The month of August stands out mostly for its vacations, which lead to thinly traded markets, often handled by junior staff members. Of course, we've also seen the month produce volatile and gutwrenching results. Russia acted in a very un-European way and defaulted in August 1998. The United States almost accomplished the same thing two years ago when politicians in Washington butted heads over the debt-ceiling limit—also in August. And investors endured a few rocky days at the end of last week. But looking ahead, we see few issues with the same potential to ignite an investment firestorm before Labor Day.
The Federal Reserve's annual gathering in Jackson Hole, Wyo., could raise eyebrows, particularly since the September meeting of the policy-setting Federal Open Market Committee (FOMC) may feature a decision to trim asset purchases. However, in what looks like an early sign of a changing of the guard, Chairman Ben Bernanke will miss the conference. Vice Chairman Janet Yellen, the leading candidate to replace Bernanke, may speak. But she's moderating a panel discussion and may not find the opportunity to address monetary policy.
We believe investors have focused almost entirely on the "will they or won't they" decision—about the possibility of starting to taper the Fed's monthly purchases of $85 billion in U.S. Treasuries and mortgage-backed securities—with very little thought about the path the process will take. Could the market have become too contented?

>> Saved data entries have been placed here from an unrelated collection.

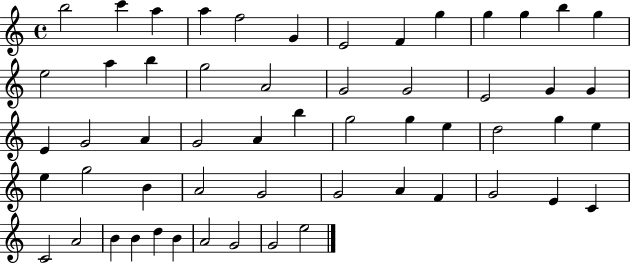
{
  \clef treble
  \time 4/4
  \defaultTimeSignature
  \key c \major
  b''2 c'''4 a''4 | a''4 f''2 g'4 | e'2 f'4 g''4 | g''4 g''4 b''4 g''4 | \break e''2 a''4 b''4 | g''2 a'2 | g'2 g'2 | e'2 g'4 g'4 | \break e'4 g'2 a'4 | g'2 a'4 b''4 | g''2 g''4 e''4 | d''2 g''4 e''4 | \break e''4 g''2 b'4 | a'2 g'2 | g'2 a'4 f'4 | g'2 e'4 c'4 | \break c'2 a'2 | b'4 b'4 d''4 b'4 | a'2 g'2 | g'2 e''2 | \break \bar "|."
}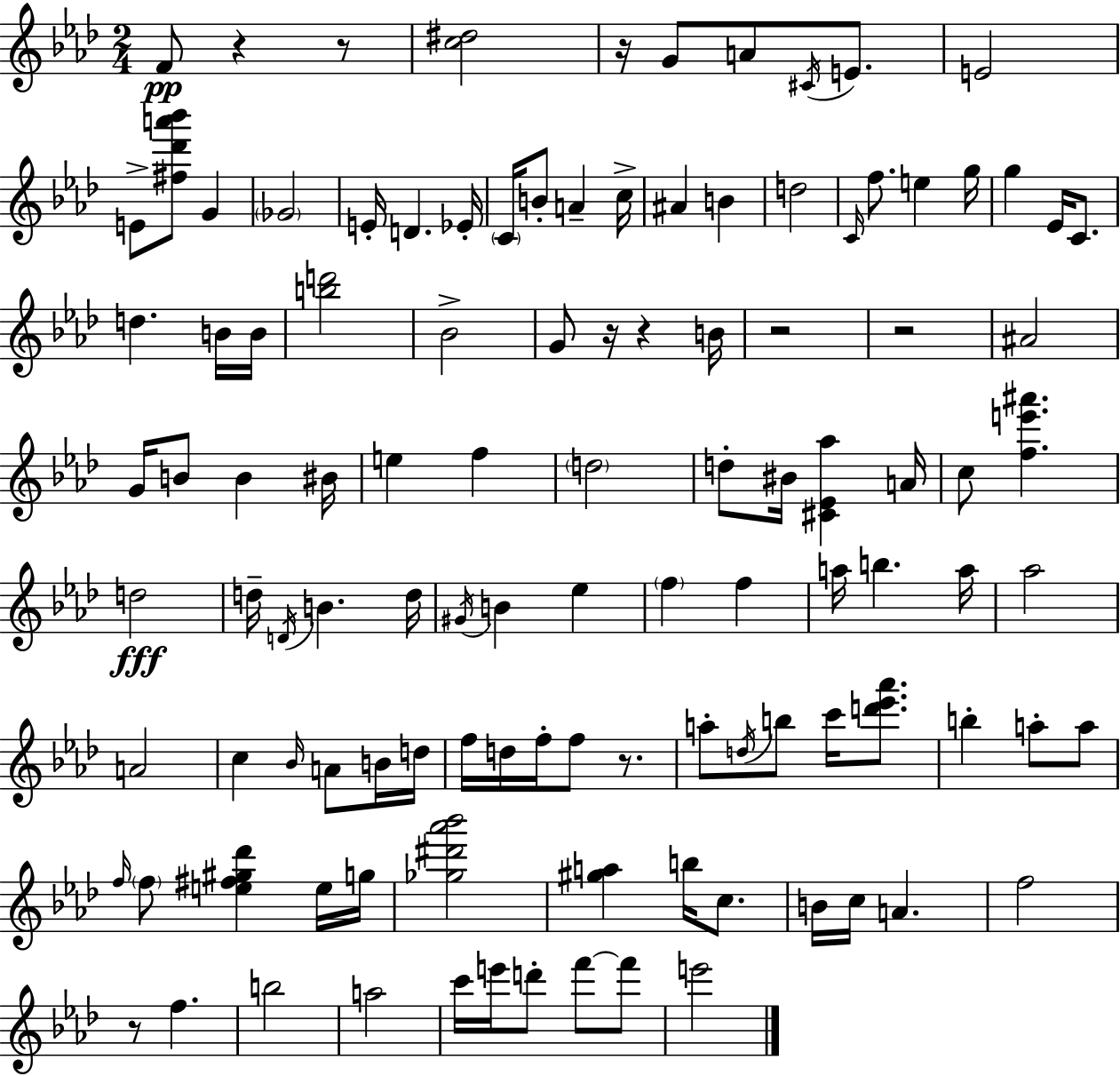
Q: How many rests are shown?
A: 9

At the June FOMC meeting's press briefing, Bernanke said when the tapering process concluded— meaning when the Fed stopped purchasing assets—the unemployment rate probably would have dipped to about 7%. With unemployment reaching 7.4% in July, recent patterns suggest we could see a 7% unemployment rate somewhere near the start of 2014. After its September meeting, the FOMC will convene twice more this year, then meet again in January. By the time of that January meeting, unemployment may have fallen to the 7% threshold.
The January FOMC meeting could represent the decision point to end asset purchases, meaning the Fed will have gone from buying $85 billion in bonds per month to zero in less than five months. While central bankers have not articulated their tapering strategy, we believe investors expect bond purchases to persist well into 2014. We've heard mid-year mentioned frequently as a target.
Investors have become comfortable with the idea of the Fed starting its tapering in September. But we do not believe that investors have taken full account of the prospect of a rapid reduction in bond purchases. If Fed policymakers believe that their 7% unemployment target is truly significant, they have a responsibility to communicate their intentions. However, even if the Fed spotlights its unemployment target, a quick end to tapering probably will spur volatility. Emerging markets and lower-grade credit markets suffered when the Fed first promoted the idea of tapering, and new revelations about the timing could lead to another rough period. Such weakness could easily extend to the broad equity markets, which also struggled in the spring.
Of course, the Federal Reserve will consider more than just the unemployment rate. To accelerate the tapering process, the bankers must feel comfortable with other facets of the economy. A quicker-thanexpected slowdown in asset purchases would likely boost interest rates, creating new complications. The housing market already saw modest adverse effects from the initial pop in rates during the spring. Mortgage refinancing dried up and, while homes remain affordable, the sudden rise in rates unnerved many potential homebuyers.
Business investment shows signs of picking up, and indicators such as the Institute for Supply Management manufacturing and non-manufacturing indices of purchasing managers' sentiment have risen. The Citigroup Economic Surprise Index for the U.S. has reached its highest level since last December, suggesting that economic reports in 2013 generally have been better than expected. Corporate earnings continue to rise, but the quality of these earnings leaves much to be desired, given the lack of consistent revenue growth.
Finally, the Fed won't want to start reducing its purchases, then be forced change course because it didn't properly assess the impact of the decision. Market volatility could lead to a loss of confidence, which in turn would slow economic activity—a progression that might cause investors to conclude the central bank doesn't know what it's doing. For that reason, investors should expect deliberate, clear communication to prepare markets for a policy transition.
We fear investors have become complacent, perhaps lulled by the easy summer breezes. Despite the lack of concern, the Fed faces a complex task as September approaches and the leaves begin to turn.